In discussing hydrangeas, most sources divide this genus into five major groups: Climbing Hydrangea, Smooth Hydrangea, Panicle Hydrangea, Oakleaf Hydrangea, and Bigleaf Hydrangea.
Climbing Hydrangea, Hydrangea anomala is a deciduous vine that can reach heights of 60 to 80 feet at maturity. However, it is a relatively slow grower and will take several if not many years to attain this height.
As Climbing Hydrangea ages, it develops a very attractive exfoliating cinnamon colored bark. It bears white flower clusters that are 6 to 10 inches in diameter in a pattern described as lacecap-- large sterile flowers surround the edge of the flower cluster, with small fertile flowers in the center.
Smooth, or Snowhill Hydrangea, Hydrangea arborescens is a deciduous shrub that grows to be about five feet tall. Large white clusters of flowers are borne on new wood (branches produced in the current year). Flower clusters up to a foot in diameter are typical of this hydrangea. I remember my mom calling these "snowball" bushes growing up. These shrubs are native to the understory of eastern North American forests. A popular cultivar, 'Annabelle' was developed by the late J.C. McDaniel from the University of Illinois.
Panicle Hydrangea, Hydrangea paniculata is the largest of the major hydrangea groups, ranging in height from 10 to 25 feet. Some sources describe them as trees rather than shrubs. Their flowers are borne on new wood and start out white, but age to pink. These are the most hardy of the hydrangeas, surviving all the way to Zone 3.
Oakleaf Hydrangea, Hydrangea quercifolia, is a deciduous shrub that grows to be about 5 to 6 feet tall. It grows relatively slowly, and mature branches have exfoliating cinnamon colored bark much like the Climbing Hydrangea. They get their name from their deeply lobed leaves that resemble that of the oak. They also have gorgeous fall color ranging from red to bronze and purple. White flowers are borne on old wood (branches produced the previous year), and they age to a soft pink.

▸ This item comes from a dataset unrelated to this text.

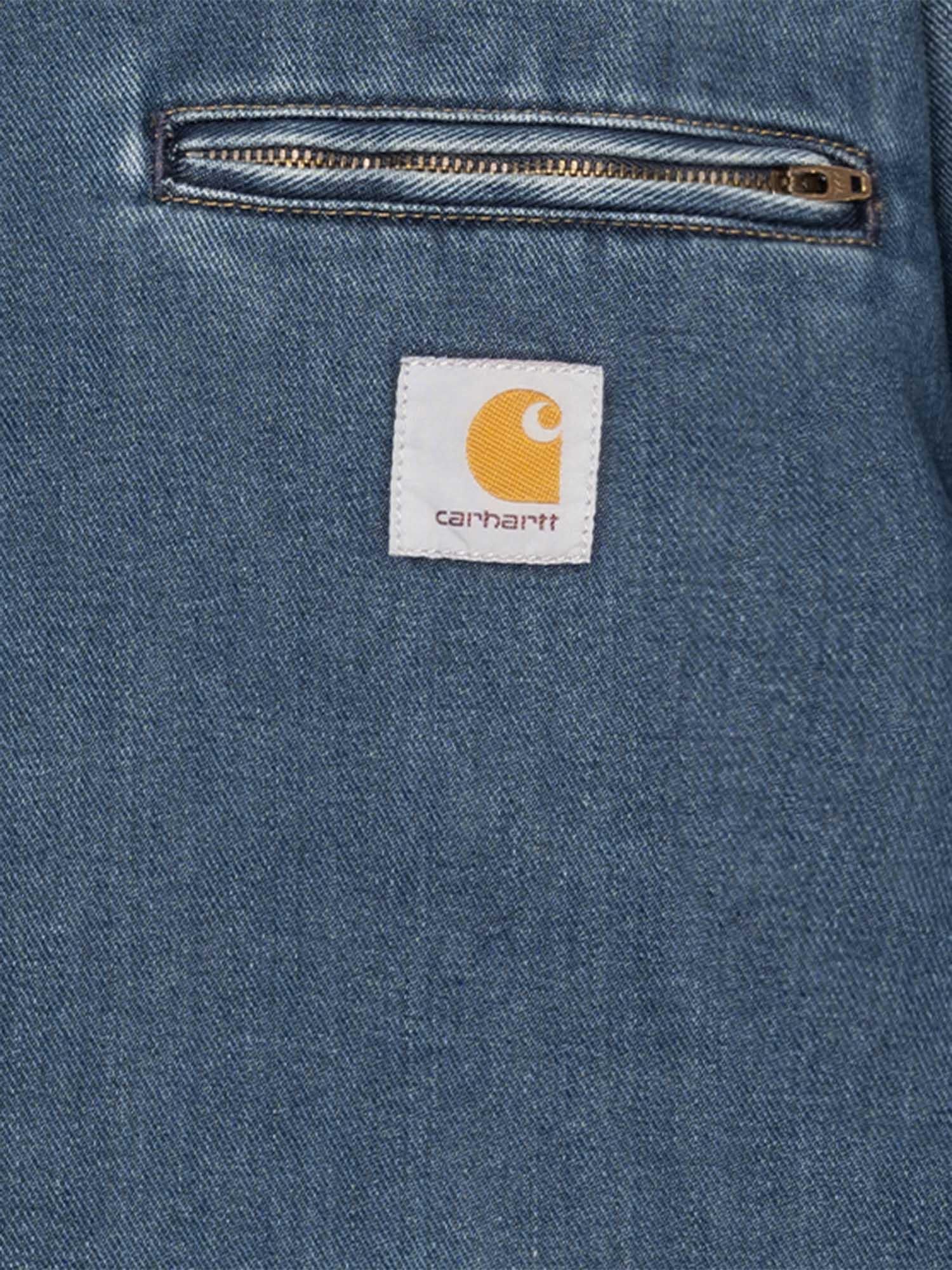 GIACCA OG DETROIT IN COTONE I035878 2XN4L CARHARTT WIP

Bigleaf Hydrangea, Hydrangea macrophylla are divided into two groups: hortensias, which have big "mopheads" of flowers, and lacecaps, clusters of flowers with tiny fertile flowers in the center surrounded by a border of large sterile flowers. Depending on the cultivar, some Bigleaf Hydrangeas will flower only on old wood. Some will flower on both new and old wood. Flowers are generally blue or pink. The flower color of some cultivars is affected by the pH of the soil-- in acid soil the flowers are blue, in alkaline soil they are pink.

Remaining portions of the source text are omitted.